Im August kam die herzogliche Familie in Venedig an. In treuem Zusammenhalten und in einer glücklichen Häuslichkeit fand sie einen Ersatz für die Entsagungen, die das Fernsein von der Heimat ihr auferlegte.

Der Herzog hörte auch als Verbannter nicht auf, für seine Glaubensgenossen zu wirken. Er trat mit dem griechischen Patriarchen von Alexandrien, Cyrillus, in Verbindung, der eine Einigung des Protestantismus mit der griechischen Kirche plante. Im Einverständnis mit dem Herzog schlug der Patriarch dem Sultan Murad IV. vor, die Insel Cypern gegen ein Kaufgeld von 200000 Thalern und gegen einen jährlichen Tribut von 20000 Thalern an den Herzog von Rohan abzutreten; Rohan sollte König von Cypern werden und seinen Glaubensgenossen auf der Insel eine Zufluchtsstätte bieten. Der Sultan stimmte zu. Nun konnte der Herzog jene zumal für die damalige Zeit beträchtliche Geldsumme nur zahlen, wenn er einige seiner Güter veräußerte. Da er selbst sich in Frankreich nicht zeigen durfte, seine Gemahlin aber seine Verbannung nur freiwillig teilte, so kamen beide überein, daß die Herzogin, eine geschäftlicher Verhandlungen nicht unkundige Dame, statt seiner nach Paris reisen sollte, um den Verkauf der Güter ins Werk zu setzen. Daß das Ehepaar eben jetzt der Geburt eines zweiten Kindes entgegensah, bildete kein Hindernis: im Gegenteil wünschte sich die Herzogin nötigenfalls die Hilfe von Pariser Aerzten zu sichern.

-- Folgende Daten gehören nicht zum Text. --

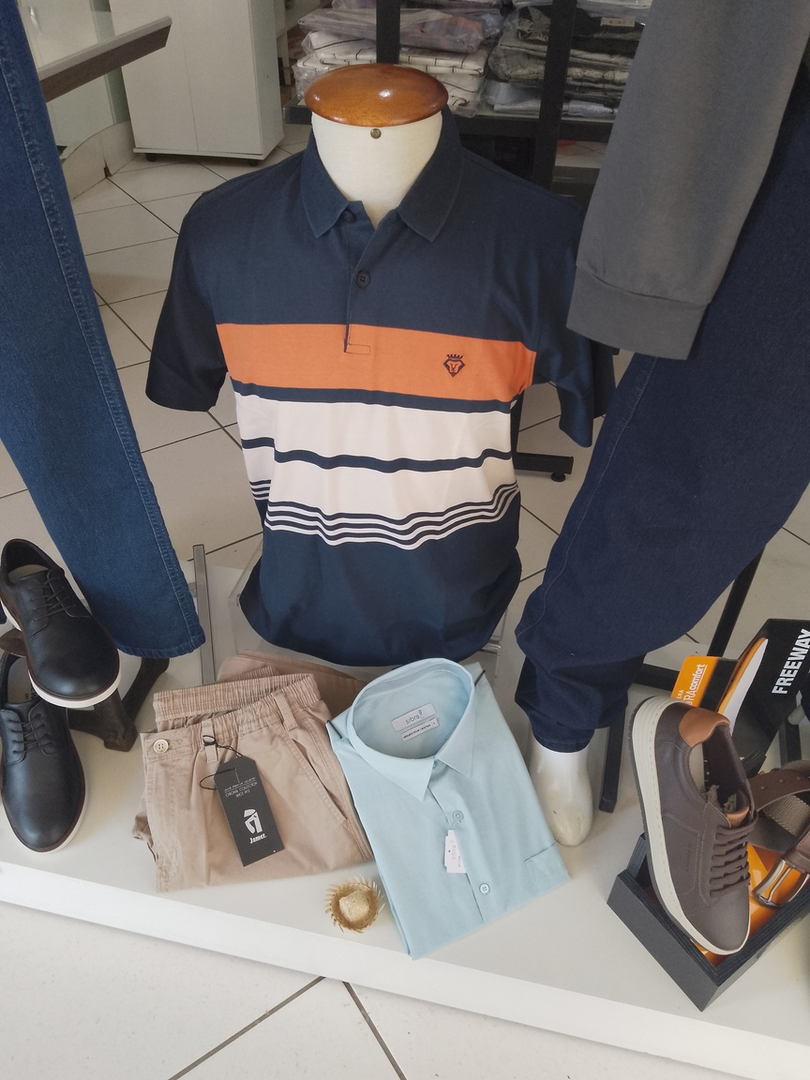 Camisa Polo Com Bolso Clássica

Während der Reisevorbereitungen erinnerte ein der herzoglichen Familie befreundeter venetianischer Senator, der ein welterfahrener Mann war, daran, daß es geraten sei, die Geburt eines herzoglichen Kindes in Paris geheim zu halten; werde ein Knabe geboren und erfahre der Kardinal Richelieu davon, so werde dieser gewiß die Mittel finden, das Kind der elterlichen Gewalt zu entziehen, um es in dem katholischen Glaubensbekenntnis aufwachsen zu lassen; daß das künftige Oberhaupt des Hauses Rohan wie der Vater Protestant werde und vielleicht zum Führer protestantischer Gegner der Regierung erwachse, verstoße zu sehr gegen die Politik Richelieus, als daß dieser nicht seine ganze Umsicht und Rücksichtslosigkeit aufbieten werde, um es zu verhindern.

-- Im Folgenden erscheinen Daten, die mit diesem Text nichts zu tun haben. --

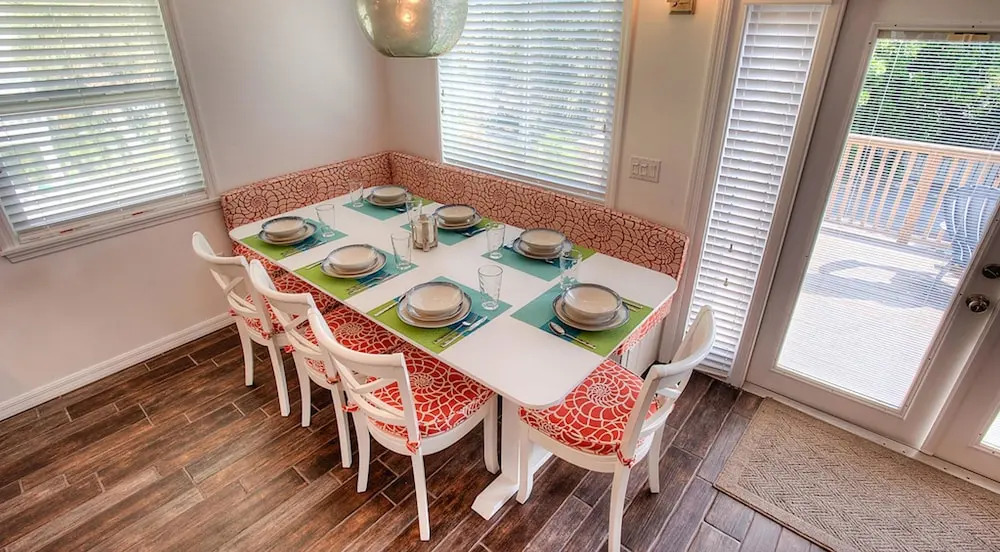 Whispering Whale Retreat Apartment 4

Die Ausführungen des Senators und das Gewicht seiner Gründe leuchteten dem Herzog von Rohan durchaus ein: wußte doch auch dieser sehr wohl, daß der Kardinal der unversöhnlichste und verschlagenste seiner Feinde war. Es wurde daher beschlossen, daß die Herzogin in Paris zunächst in der Verborgenheit leben sollte.

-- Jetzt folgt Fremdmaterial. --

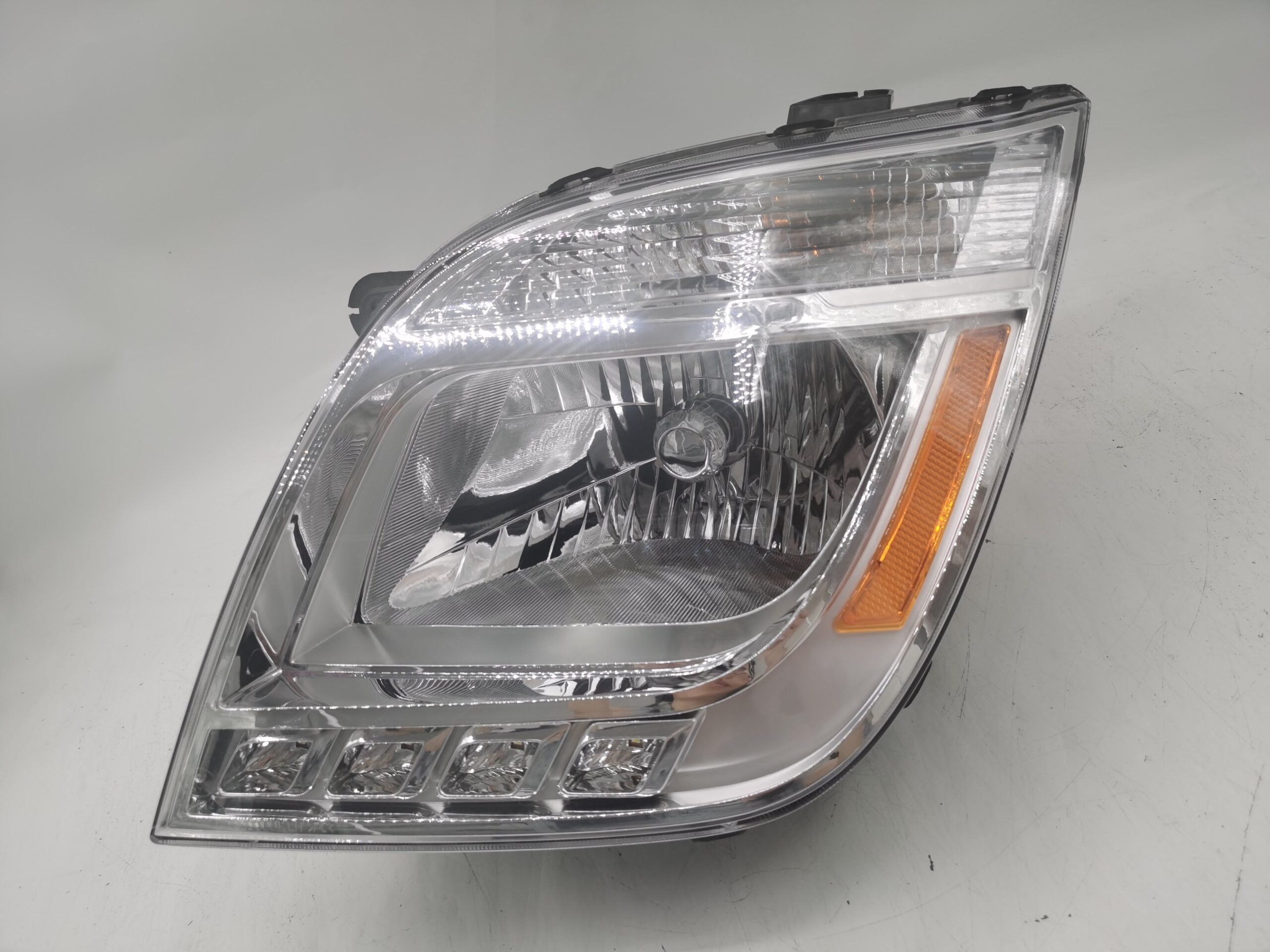 MAXUS LDV V80 2014-2023 HALOGEN L.H.S Headlight Assembly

Im Oktober 1630 trat die Herzogin, von ihrer damals fast fünfzehnjährigen Tochter und einer Kammerfrau begleitet, ihre Reise an. Sie bediente sich einer Sänfte, die bald von zwei Pferden, bald von mehreren Dienern getragen wurde. Ein jüngerer Freund des Hauses, ein Marquis von Ruvigny, folgte der Sänfte in einiger Entfernung zu Pferde, begleitet von zwei bewaffneten Lakaien; in der Nähe von Paris ritt er um einige Stunden voraus. Die Vorkehrungen waren so getroffen„ daß die Herzogin spät abends in Paris ankam und im Hause der Dienerin einer vertrauten Freundin abstieg. Am 18. Dezember gab sie einem Knaben das Leben. Das Kind wurde mit seiner Wärterin der Obhut eines den Rohans bekannten Apothekers Namens Rose anvertraut, und in dessen Hause blieb es für die nächsten Jahre. Do es nicht eben kräftig zu sein schien, so taufte man es bald; es erhielt den Vornamen „Tankred“, und als sein Vatersname wurde, da man seine wirkliche Abstammung für jetzt überall verheimlichen wollte, „Le Bon“ genannt. Dem Herzog wurde in aller Stille von der Geburt seines Sohnes Kenntnis gegeben. Allen, die um die Geburt des Kindes wußten, auch der Schwester desselben, wurde strenge Verschwiegenheit anbefohlen. Die Herzogin siedelte nach einiger Zeit des Nachts in ihr Stadtschloß in einer Weise über, daß jedermann glauben mußte, sie lange eben erst von Venedig an.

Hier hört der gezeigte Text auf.